Molly Morgan

Molly M. Morgan

Molly Morgan (’14) graduated from University of Massachusetts Amherst with a dual degree in Animal Sciences and Environmental Science. In the fall of 2014, Molly will be starting a PhD program in Molecular and Environmental Toxicology at the University of Wisconsin Madison. Her coursework focused on environmental toxicology, allowing her to further explore her interest in toxins. During her undergraduate career she participated in several research projects on the UMass campus and gained animal experience outside of the institution.

During Molly’s first semester at UMass she began working at Franklin Dining Commons, where she continued to work until the end of her sophomore year. The summer after Molly’s freshman year she worked as an intern for Project Wildlife, a wildlife refuge in her home town of San Diego. Her primary responsibilities included feeding and medicating animals, as well as training volunteers. While at Project Wildlife she realized her love for working with animals. In addition to her primary work with songbirds and corvids, Molly also had opportunities to work with birds of prey, small mammals, fowl, and other animals. Molly joined her first research project her sophomore year when she began working in the Massachusetts Pesticide Analysis Lab. This lab studied the ability of several plant species to phytoremediate pesticides commonly used in golf courses. In addition, she worked at the Podos lab for one semester, feeding and maintaining the songbirds.

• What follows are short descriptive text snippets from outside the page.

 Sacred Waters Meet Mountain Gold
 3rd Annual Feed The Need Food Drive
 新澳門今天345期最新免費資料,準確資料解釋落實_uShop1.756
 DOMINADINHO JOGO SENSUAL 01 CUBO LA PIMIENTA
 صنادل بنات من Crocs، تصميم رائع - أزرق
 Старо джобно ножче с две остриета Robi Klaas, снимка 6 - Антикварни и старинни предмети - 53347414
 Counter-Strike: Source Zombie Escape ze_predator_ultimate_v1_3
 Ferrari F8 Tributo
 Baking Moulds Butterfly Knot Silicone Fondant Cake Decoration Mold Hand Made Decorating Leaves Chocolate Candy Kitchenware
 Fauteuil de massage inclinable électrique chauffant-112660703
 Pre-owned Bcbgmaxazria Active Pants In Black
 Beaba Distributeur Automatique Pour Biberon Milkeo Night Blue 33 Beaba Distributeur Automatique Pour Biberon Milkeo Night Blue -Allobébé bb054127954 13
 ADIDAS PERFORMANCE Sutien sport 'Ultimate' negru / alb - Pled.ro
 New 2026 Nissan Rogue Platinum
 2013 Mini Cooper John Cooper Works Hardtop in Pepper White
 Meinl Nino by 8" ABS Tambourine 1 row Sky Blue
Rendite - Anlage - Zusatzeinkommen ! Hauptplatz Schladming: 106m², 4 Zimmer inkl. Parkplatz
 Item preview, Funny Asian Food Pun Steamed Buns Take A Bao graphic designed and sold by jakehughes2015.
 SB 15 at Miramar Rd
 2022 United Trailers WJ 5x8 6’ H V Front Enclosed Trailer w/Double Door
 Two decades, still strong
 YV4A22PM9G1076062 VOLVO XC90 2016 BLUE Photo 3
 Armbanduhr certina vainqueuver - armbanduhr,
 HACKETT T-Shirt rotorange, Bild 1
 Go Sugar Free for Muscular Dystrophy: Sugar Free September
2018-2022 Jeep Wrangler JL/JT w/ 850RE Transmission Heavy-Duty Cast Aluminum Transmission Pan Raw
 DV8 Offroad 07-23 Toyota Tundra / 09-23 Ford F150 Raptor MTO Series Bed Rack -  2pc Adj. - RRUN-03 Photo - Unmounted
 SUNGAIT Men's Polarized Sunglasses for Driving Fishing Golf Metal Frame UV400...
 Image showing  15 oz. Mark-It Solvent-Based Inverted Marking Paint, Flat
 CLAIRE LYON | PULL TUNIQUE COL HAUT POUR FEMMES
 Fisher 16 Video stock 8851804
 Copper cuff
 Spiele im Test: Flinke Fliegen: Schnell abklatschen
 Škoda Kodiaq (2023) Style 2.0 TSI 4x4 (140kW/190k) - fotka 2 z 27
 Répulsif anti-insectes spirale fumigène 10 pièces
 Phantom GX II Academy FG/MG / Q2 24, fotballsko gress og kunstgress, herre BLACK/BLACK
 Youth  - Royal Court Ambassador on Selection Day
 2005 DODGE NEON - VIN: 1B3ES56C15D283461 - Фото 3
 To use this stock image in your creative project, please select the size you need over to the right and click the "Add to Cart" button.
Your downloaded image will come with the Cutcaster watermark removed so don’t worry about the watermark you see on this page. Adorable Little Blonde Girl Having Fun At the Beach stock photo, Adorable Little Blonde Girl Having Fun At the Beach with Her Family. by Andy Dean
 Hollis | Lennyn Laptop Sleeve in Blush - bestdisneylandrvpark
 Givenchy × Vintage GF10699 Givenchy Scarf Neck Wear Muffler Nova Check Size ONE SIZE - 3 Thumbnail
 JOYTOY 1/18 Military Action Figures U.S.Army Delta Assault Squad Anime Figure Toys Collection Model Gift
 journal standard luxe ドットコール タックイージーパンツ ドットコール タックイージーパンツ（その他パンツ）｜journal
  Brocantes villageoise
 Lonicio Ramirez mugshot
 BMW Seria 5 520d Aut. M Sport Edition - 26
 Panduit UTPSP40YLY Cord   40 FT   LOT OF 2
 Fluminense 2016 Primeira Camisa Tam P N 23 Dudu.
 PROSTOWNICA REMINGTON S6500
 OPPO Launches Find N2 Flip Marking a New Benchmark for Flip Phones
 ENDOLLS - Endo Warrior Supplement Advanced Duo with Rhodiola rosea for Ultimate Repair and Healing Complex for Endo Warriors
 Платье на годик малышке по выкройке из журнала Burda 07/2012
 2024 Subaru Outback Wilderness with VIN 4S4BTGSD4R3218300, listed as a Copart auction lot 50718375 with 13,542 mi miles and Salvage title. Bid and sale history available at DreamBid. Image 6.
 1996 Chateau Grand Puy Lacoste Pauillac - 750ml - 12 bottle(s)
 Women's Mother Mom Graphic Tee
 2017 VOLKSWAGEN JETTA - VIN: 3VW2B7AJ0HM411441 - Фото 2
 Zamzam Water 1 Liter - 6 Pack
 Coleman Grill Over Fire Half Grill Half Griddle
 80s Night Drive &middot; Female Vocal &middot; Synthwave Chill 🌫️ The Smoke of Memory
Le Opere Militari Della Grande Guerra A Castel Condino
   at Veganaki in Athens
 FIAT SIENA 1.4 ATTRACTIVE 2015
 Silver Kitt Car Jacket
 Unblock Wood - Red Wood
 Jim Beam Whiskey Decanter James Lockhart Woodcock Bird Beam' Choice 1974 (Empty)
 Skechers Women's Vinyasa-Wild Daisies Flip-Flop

The following summer Molly returned to her hometown and worked at an exotic bird store where she raised and trained parrots. When she arrived back at UMass her junior year, she continued to work at MPAL, and joined an additional lab through the Biology Undergraduate Research Apprenticeship Program. In the Hormone and Cognition Lab, through the Psychology Department, she studied the effects that sex hormones have on aging marmosets: a species of nonhuman primate. Alongside her love for working with animals, Molly developed a fascination with the science behind toxins. Consequently, Dr. John Clark, the P.I. of her pesticide toxicology lab (as well as a VASCI professor) allowed her to join his other lab that focused on studying the neurotoxic effects that insecticides have on the central nervous system of mammals. Initially her primary duty was to assist a graduate student with frog surgeries, but she quickly became more involved with the lab. Molly stayed in Amherst that summer to continue her research.

By her final semester at UMass, under the guidance of Dr. Clark, Molly completed her honors thesis titled, “The Effects of DDT and DDE on Voltage Sensitive Sodium Channels Expressed in Adult Rat Brain Using P2-Injection Xenopus Laevis Oocytes.” In addition, she continued to work in the other two labs.

Molly sees her experiences through the Animal Science department as the largest contributing factor in having been accepted to her first choice of graduate schools.